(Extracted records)
--

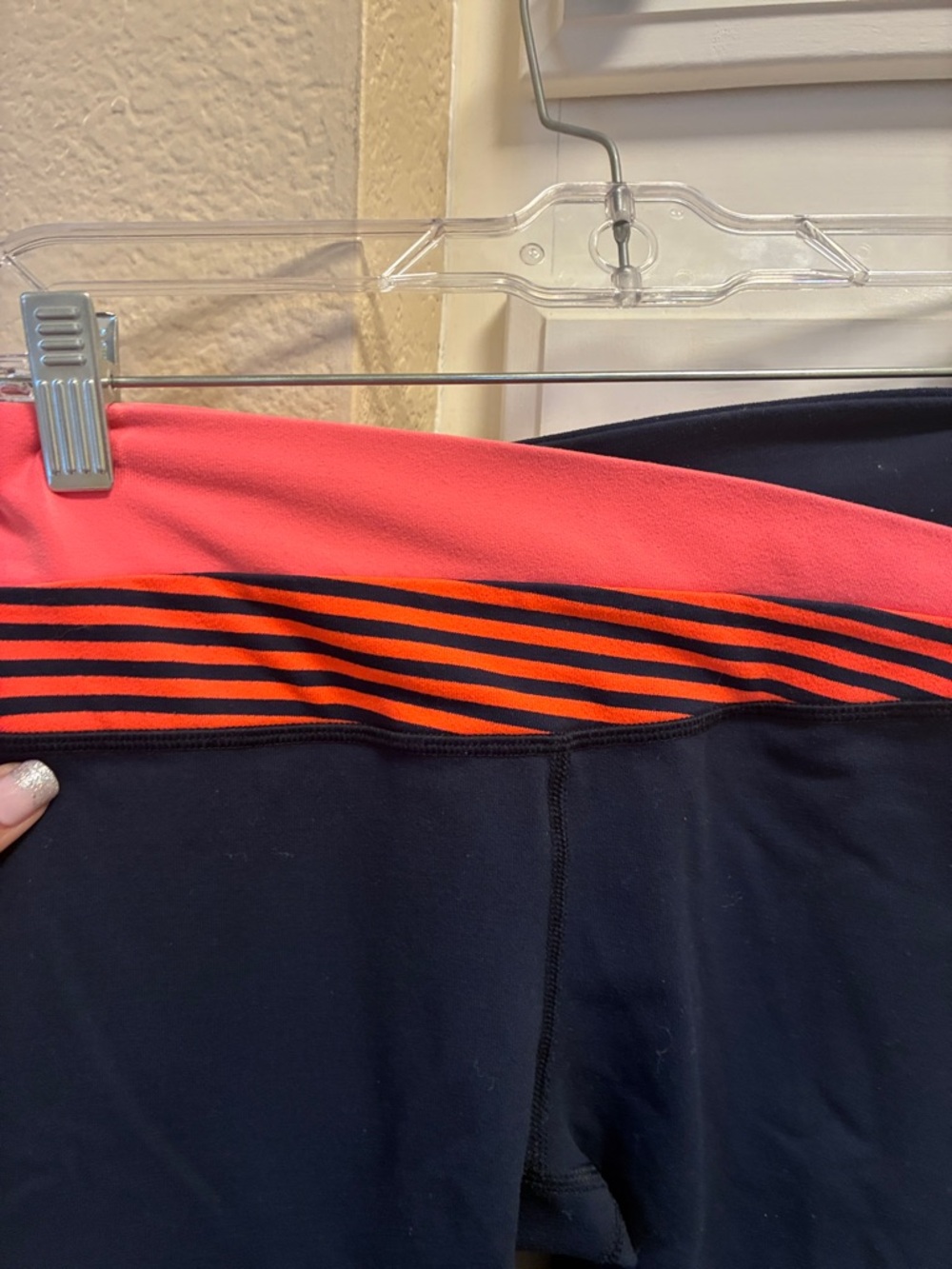 Lululemon Astro cropped Navy Leggings with Coral striped Foldover Waistband - Picture 7 of 10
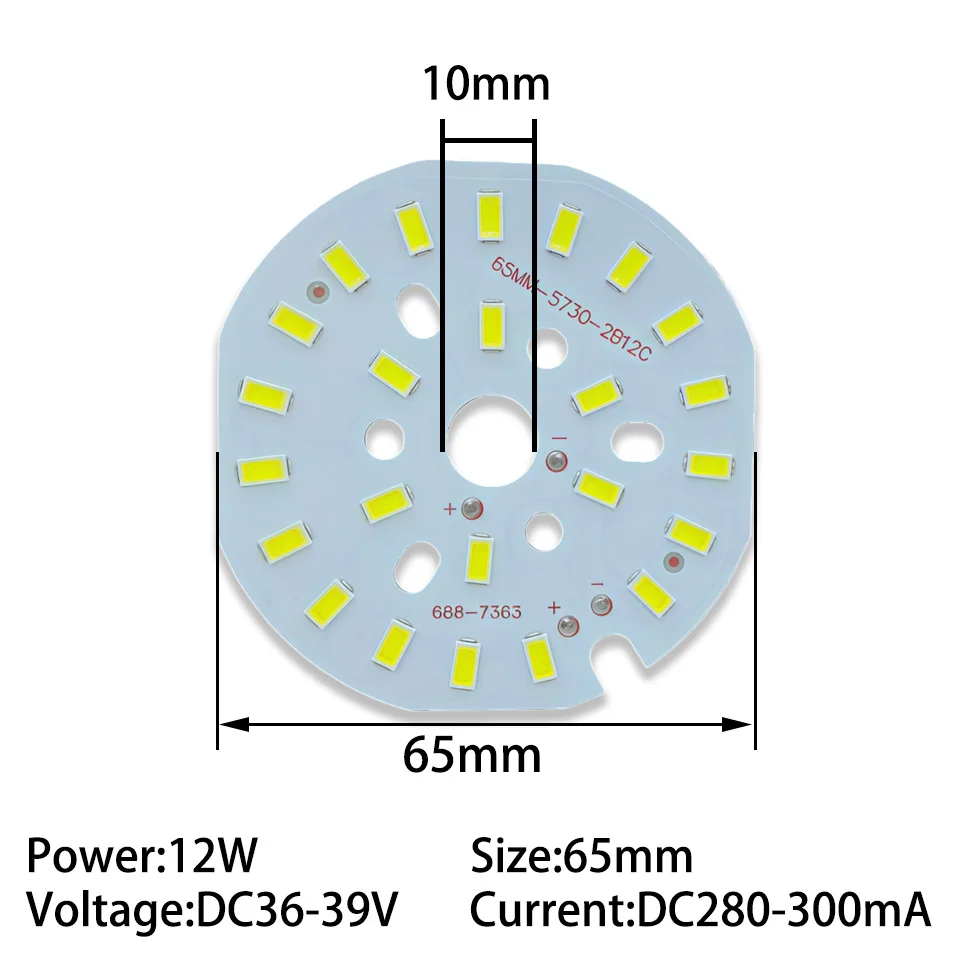 5 sztuk jasność SMD światła pokładzie 12W SMD5730 Panel LED lampa 65mm do sufitu PCB z LED aluminium płyta podstawy z SMD chip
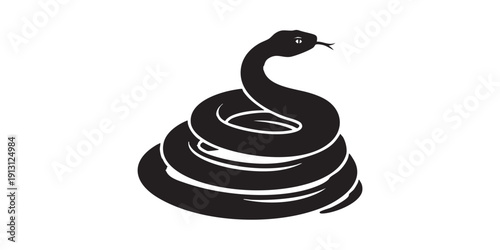 Coiled snake icon, flat black and white, minimal vector, silhouette, isolated, simple design, reptile symbol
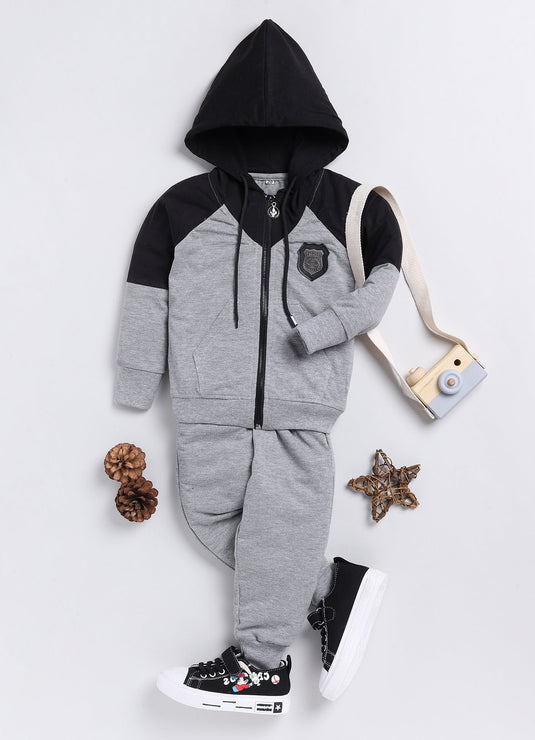 Streetwear Zipper Cotton Sinker Hoodie & Jogger Full Sleeves Clothing Set (Black & Grey)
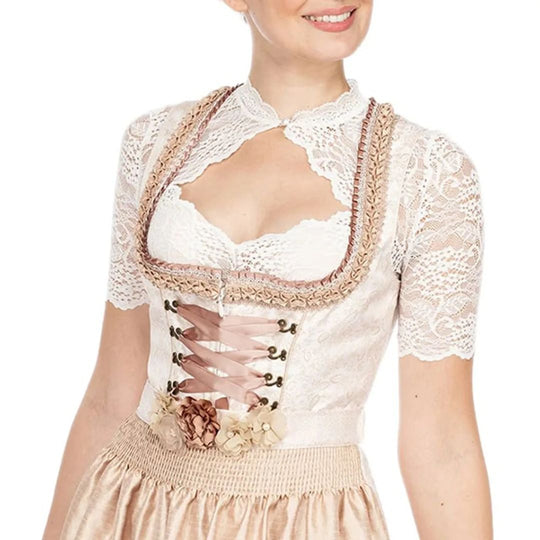 Shop Nory | Dirndlbluse mit Spitzenmuster und Verführerischem Ausschnitt für Oktoberfest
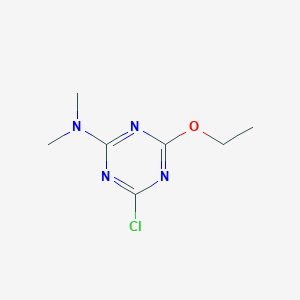 molecular formula C7H11ClN4O B8729838 1,3,5-Triazin-2-amine, 4-chloro-6-ethoxy-N,N-dimethyl- 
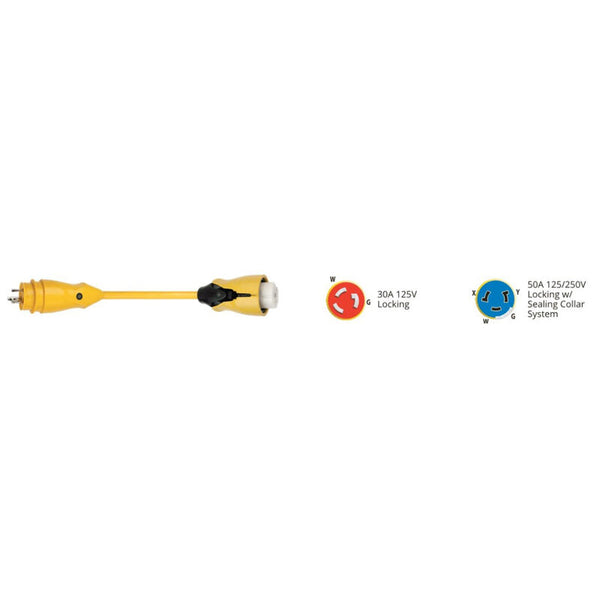 MARINCO 12998381 EEL Pigtail Adapter, 30A 125V Male to 50A 125/250V Female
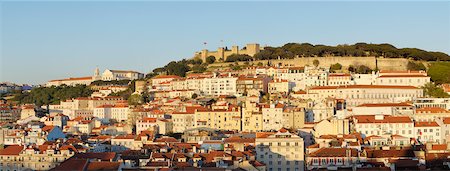 simsearch:600-06841813,k - Panoramic View of Castelo de Sao Jorge, Alfama, Baixa, Lisbon, Portugal Stock Photo - Premium Royalty-Free, Code: 600-06841838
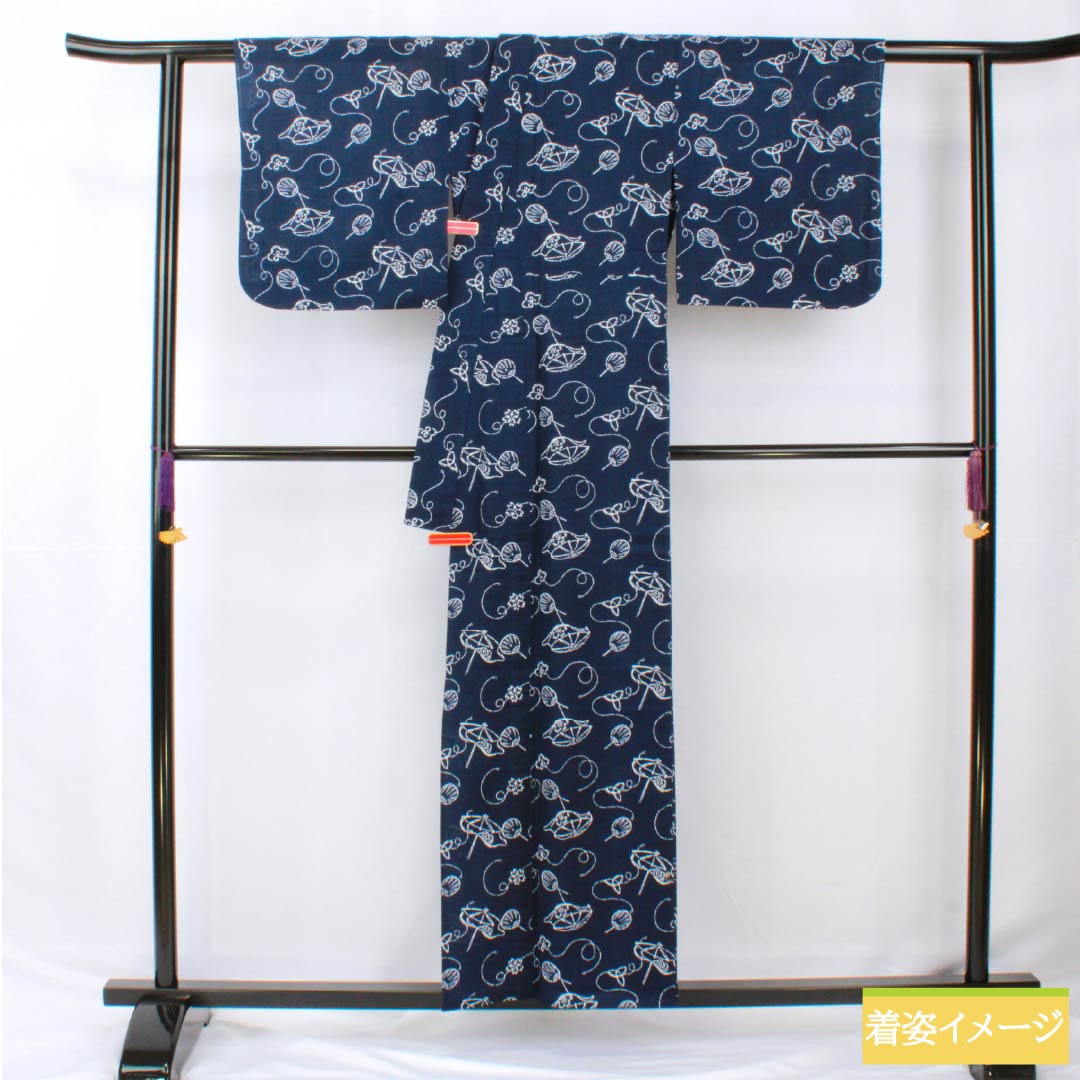 浴衣 木綿 身丈157cm 裄丈65cm Aランク 単衣 紺系 笠 扇面 1118005603318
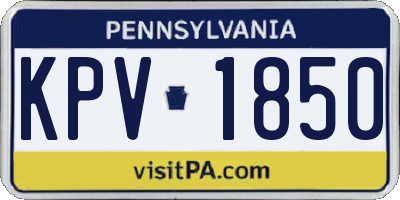 PA license plate KPV1850
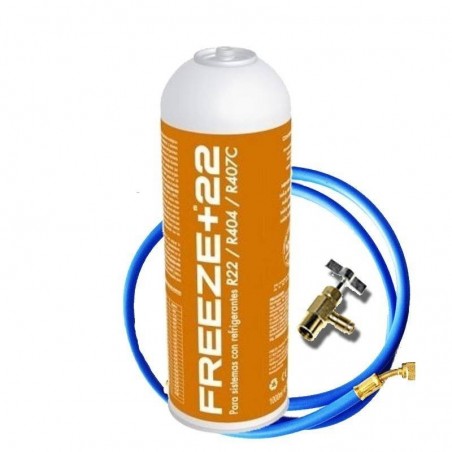 1 Botella Gas Refrigerante Freeze +22 400Gr + Valvula + Manguera Alternativo R22, R404, R407C
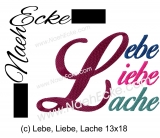 Stickdatei Lebe, Liebe, Lache 13x18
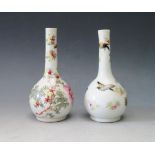 A Pair of Antique Japanese Porcelain Pinch Neck Vases with foliate and bird decoration, marks to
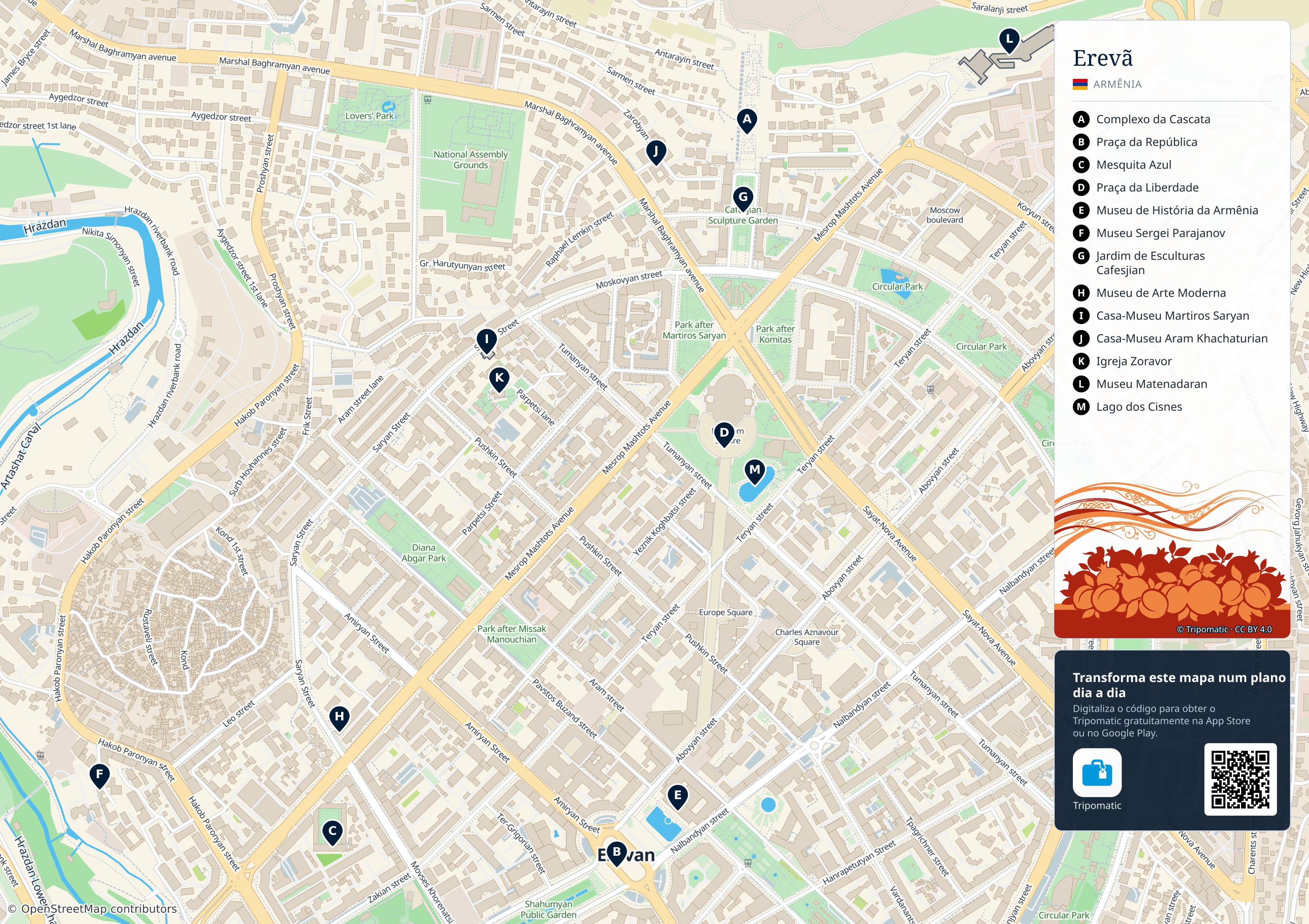 Erevã – mapa turístico para imprimir com as principais atrações numeradas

--

**TASK BRIEF**
A word-for-word copy is required of the lines above from the line with "simsearch:600-06841813,k - Panoramic" through the last line of the data; no other lines and no pictures belong in it.

**OUTPUT OF THE TASK**
 simsearch:600-06841813,k - Panoramic View of Castelo de Sao Jorge, Alfama, Baixa, Lisbon, Portugal Stock Photo - Premium Royalty-Free, Code: 600-06841838
 浴衣 木綿 身丈157cm 裄丈65cm Aランク 単衣 紺系 笠 扇面 1118005603318
 PA license plate KPV1850
 1 Botella Gas Refrigerante Freeze +22 400Gr + Valvula + Manguera Alternativo R22, R404, R407C
 Stickdatei Lebe, Liebe, Lache 13x18
 A Pair of Antique Japanese Porcelain Pinch Neck Vases with foliate and bird decoration, marks to
 Erevã – mapa turístico para imprimir com as principais atrações numeradas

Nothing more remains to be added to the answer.